The 570 m long Tarifa Experimental Gallery has allowed the investigation of three of the five flysch units involved in the future tunnel of Gibraltar. This Tunnel will have a length of 38 km approximately and will cross the Strait. For this reason, the results obtained from in situ testing, instrumentation measurements and laboratory tests are presented.

INTRODUCTION

The Tarifa Experimental Gallery is a major geotechnical experiment carried out within the ongoing process of studies by the Spanish SECEG (Sociedad Española para la Comunicación Fija del Estrecho de Gibraltar) and by the Moroccan SNED (Societe Nationale d'Etudes du Detroit) into the feasibility of a tunnel across the Strait of Gibraltar. In Figure 1 are shown the location of the future tunnel as well as the location of the gallery. Thus, it can be roughly summarised that the picture we have of the geological environment of the tunnel route is a massive, highly impervious clayish formation, sometimes armoured–sometimes not- with hard slabs, mostly of sandstone, unpredictably oriented. This particular situation led us to investigate the geotechnical behaviour of the terrains involved in the project by relatively large experimental works located on both shores of the strait at representative sites.

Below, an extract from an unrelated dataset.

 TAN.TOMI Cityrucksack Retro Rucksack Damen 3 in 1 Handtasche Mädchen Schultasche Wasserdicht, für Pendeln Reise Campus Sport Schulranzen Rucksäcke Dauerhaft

To this end, the 300 m-deep Malabata Shaft (Jan. 94-Dec. 95) was sunk in the Moroccan shore and the 75m-deep Bolonia Shaft (Jul.93-Oct.93) as well as the 570mlong Tarifa Gallery (Feb.95-Aug.95) have been built in the Spanish shore of the strait. All of them are now completed in that sense that the civil work and auscultation during construction is finished and that different instrumentation programmes of significant duration have already been carried out: however, further different observations and complementary testing are under way or expected to start in the future.